Present studies are aimed to find out the utility of oil-in-water
emulsions also known as
lipid nanospheres (LN) or fat
emulsions for delivering
piperine for the treatment of
visceral leishmaniasis.
Lipid nanosphere formulations of
piperine were prepared using
soybean oil, egg
lecithin,
cholesterol,
stearylamine and
phosphatidylethanolamine distearylmethoxypolyethyleneglycol (
DSPE-PEG) by homogenization followed by ultrasonication of oil and aqueous phases. Antileishmanial activity of all the formulations was assessed in BALB/c mice infected with Leishmania donovani AG83 for 60 days. A single dose (5 mg/kg) of
piperine, or
lipid nanospheres of
piperine (LN-P), or
lipid nanosphere of
piperine with
stearylamine (LN-P-SA) or pegylated
lipid nanospheres of
piperine (LN-P-PEG) was injected intravenously. Mice were sacrificed after 15 days of treatment with
piperine or formulations and Leishman Donovan Unit (LDU) is counted. Toxicity of formulations and pure
piperine was assessed in normal mice. The size distribution of formulations ranged from 200 to 885 nm.

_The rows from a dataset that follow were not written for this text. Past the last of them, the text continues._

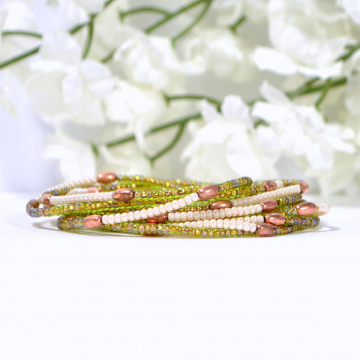 Beaded Wrap Bracelet, 9 Wrap, Layered Wrap, Green, Copper, Multi-Layered Bracelet, Beaded Stretch Bracelet, Elastic Bracelet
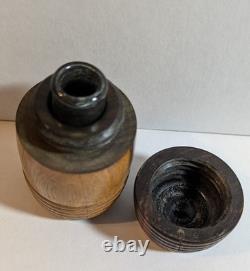Civil War Era Soldier Pocket Barrel Shap Ink Well WithGlass Insert Spring Load 2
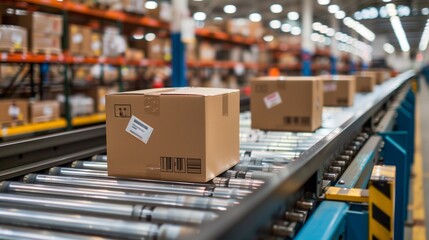 Boxes Moving on Conveyor Belt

Piperine reduced the parasite burden in liver and spleen by 38% and 31% after 15 days post
infection respectively. LN-P reduced the parasite burden in liver and spleen by 63% and 52% after 15 days post
infection, respectively. LN-P-PEG reduced the parasite burden in liver and spleen by 78% and 75% after 15 days post
infection, respectively. LN-P-SA reduced the parasite burden in liver and spleen by 90% and 85% after 15 days post
infection, respectively. LN-P, LN-P-PEG, LN-P-SA treated mice did not show any significant changes in the serum levels of
SGOT, ALP,
creatinine and
urea compared to normal mice. Stable and sterile formulations of
lipid nanospheres of
piperine were developed. A single dose of 5 mg/kg of
lipid nanospheres of
piperine could significantly reduce the liver and splenic parasite burden.